### INSTRUCTIONS FOR THE TASK
Which lines run from the one containing "Grande tente blanche" through the last line of the records? Copy them exactly, leaving pictures out.

### DATASET RECORDS

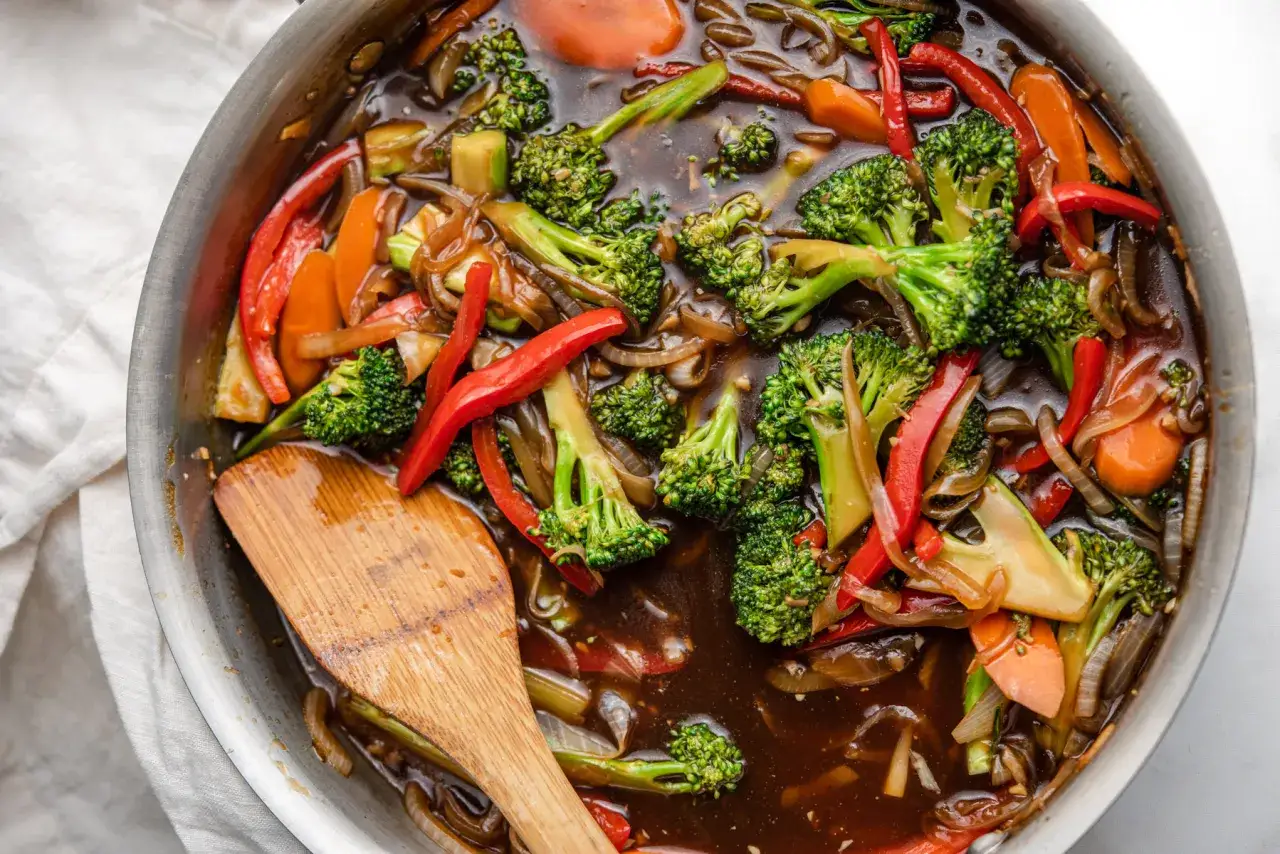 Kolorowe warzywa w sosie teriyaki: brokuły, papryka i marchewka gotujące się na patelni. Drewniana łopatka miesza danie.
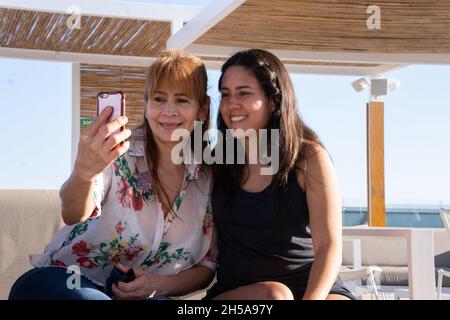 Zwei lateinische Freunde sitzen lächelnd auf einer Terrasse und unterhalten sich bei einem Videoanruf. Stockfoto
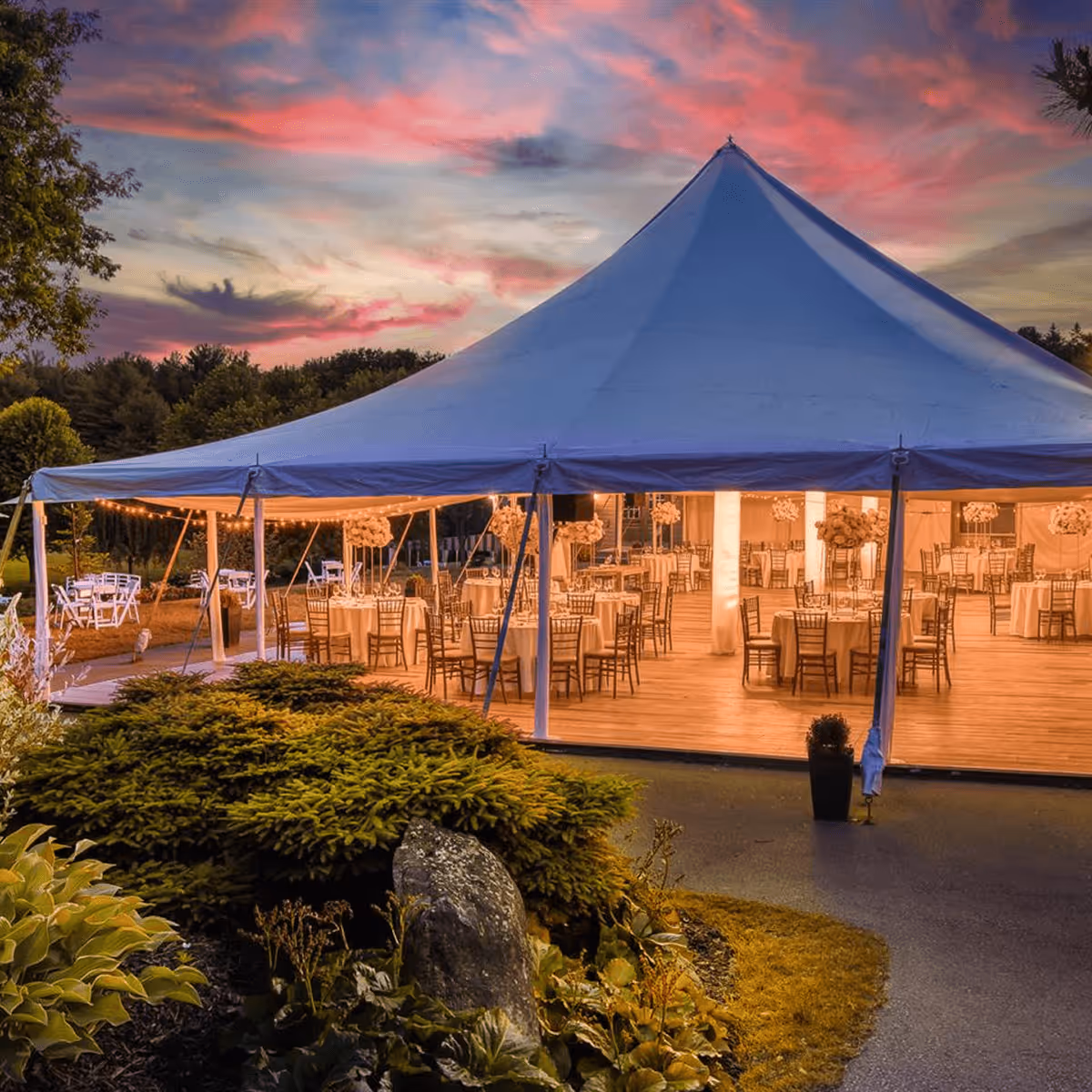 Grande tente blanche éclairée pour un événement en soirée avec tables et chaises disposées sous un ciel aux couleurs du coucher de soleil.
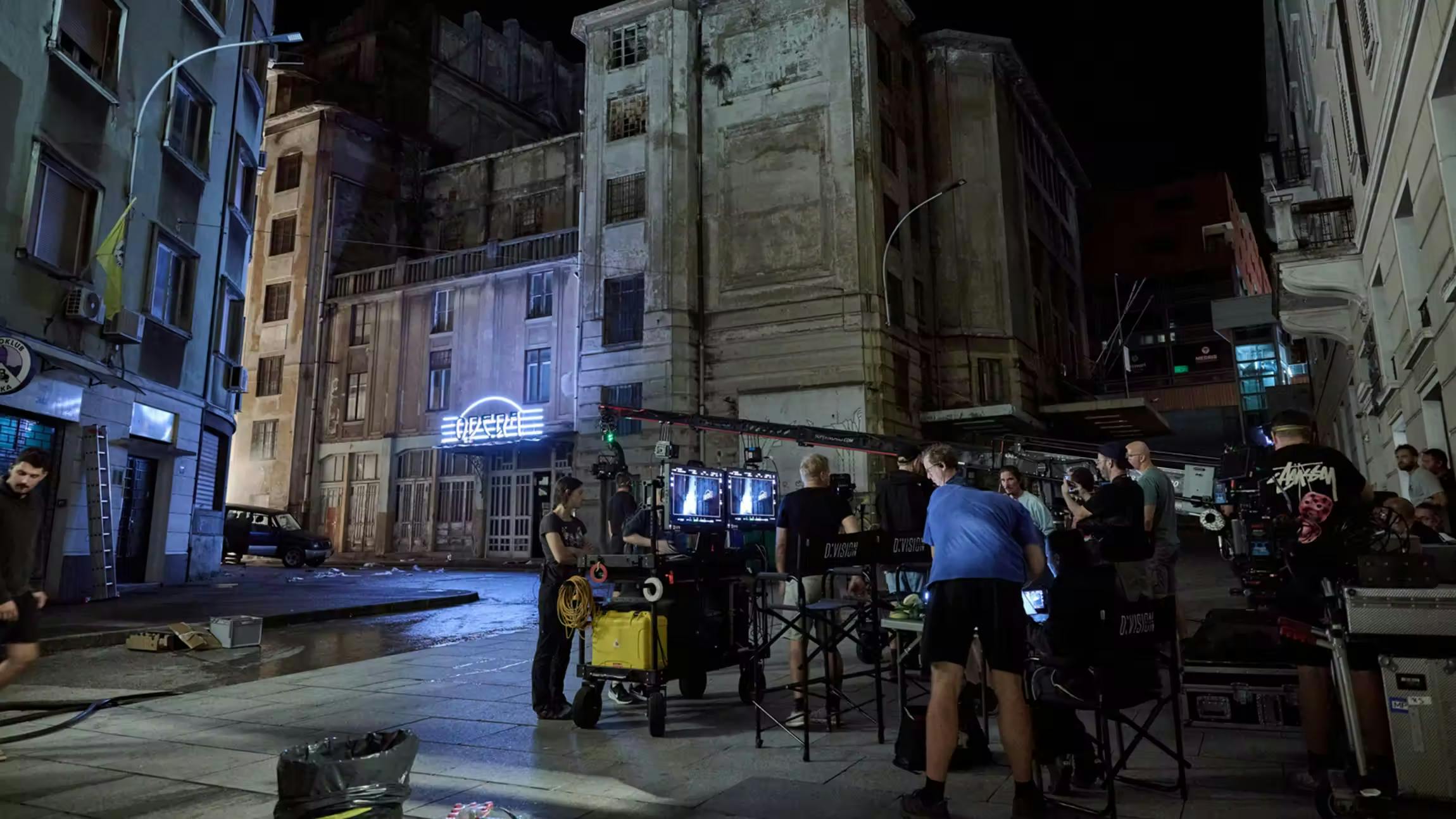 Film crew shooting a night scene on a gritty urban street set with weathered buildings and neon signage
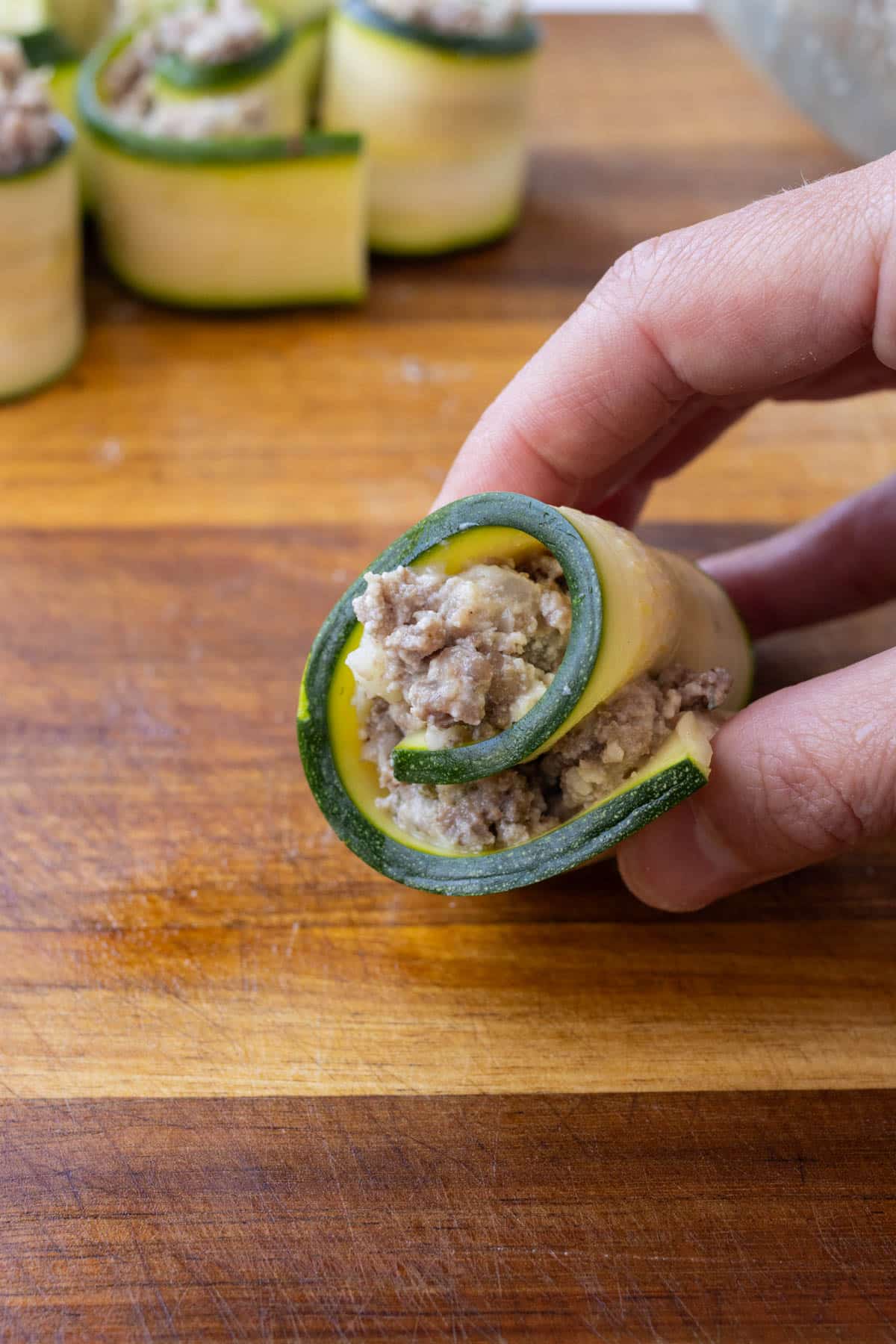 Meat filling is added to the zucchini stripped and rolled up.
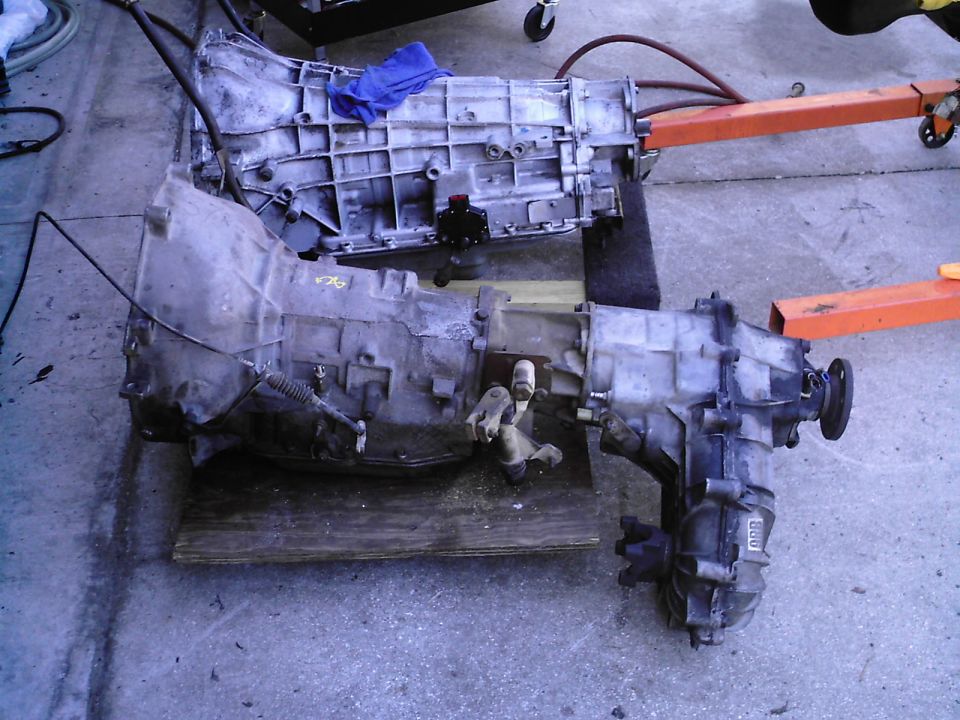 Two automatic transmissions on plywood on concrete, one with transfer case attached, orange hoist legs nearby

### RESULT OF THIS EXERCISE
 Grande tente blanche éclairée pour un événement en soirée avec tables et chaises disposées sous un ciel aux couleurs du coucher de soleil.
 Film crew shooting a night scene on a gritty urban street set with weathered buildings and neon signage
 Meat filling is added to the zucchini stripped and rolled up.
 Two automatic transmissions on plywood on concrete, one with transfer case attached, orange hoist legs nearby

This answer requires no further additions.